Ma la libertà di stampa si misura da quante frottole un giornale sa inventare?

Post n°79 pubblicato il 21 Settembre 2016 da claudionegro50
 


Tripudio bipartisan della stampa antirenziana, di destra e di sinistra, alla pubblicazione dei dati trimestrali dell'Osservatorio INPS sulla precarietà:


“Il Jobs Act è tutto un flop: in 7 mesi giù le assunzioni” (Il Manifesto)

“Anche l'Inps certifica il fallimento del Jobs Act” (Il Tempo)

“Senza la droga di governo persi 76.000 posti” (La Verità)

e via così.


Il messaggio che viene comunicato è che l'occupazione diminuisce. Alla base di questi titoli si fa fatica a capire se ci sia più ignoranza (incapacità di comprendere i dati e i testi, problema peraltro diffusissimo in Italia come testimoniano le ricerche annuali PISA-OCSE sul grado di preparazione degli studenti) o più malafede (spacciare menzogne per verità, come sperimentato con successo dai tabloid inglesi con la Brexit).

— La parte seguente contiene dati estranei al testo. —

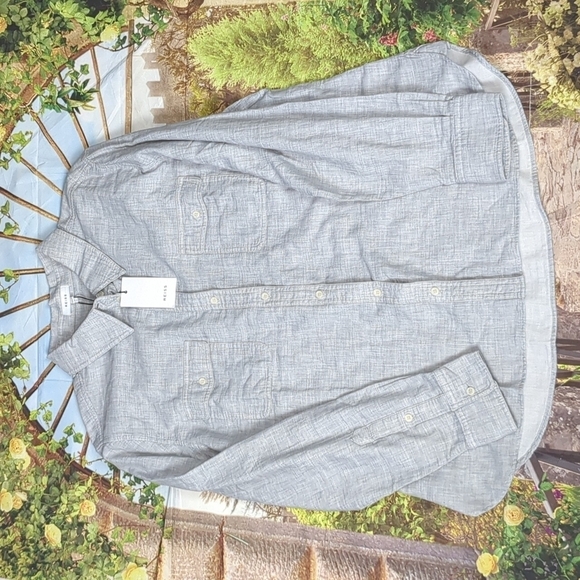 REISS grey Mimi casual button down long sleeve shirt size 14 - Picture 2 of 10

Infatti l'occupazione non diminuisce, ma aumenta: in numeri assoluti dal gennaio 2014 al Luglio 2016 i lavoratori con contratto di lavoro subordinato sono aumentati di 600.000 unità.

Nello stesso periodo la variazione netta tra nuovi rapporti di lavoro e rapporti cessati è sempre stata positiva, e lo è anche per il primo semestre 2016: 804.000, di cui 76.000 a tempo indeterminato (vedi tab. 3 dell'Osservatorio INPS sul precariato, la stessa fonte “consultata” dai nostri tabloid).

Ciò che accade è cosa ben diversa dal calo dell'occupazione: è che l'occupazione aumenta a velocità inferiore a quanto ha fatto nel 2015.

Per capirci: i nuovi rapporti di lavoro avviati nel gennaio-luglio 2016 sono stati 3.428.000 contro 3.809.000 dello stesso periodo 2015, e le trasformazioni in contratto a tempo indeterminato 229.000 contro 329.000 (tab. 1 del medesimo infame Osservatorio).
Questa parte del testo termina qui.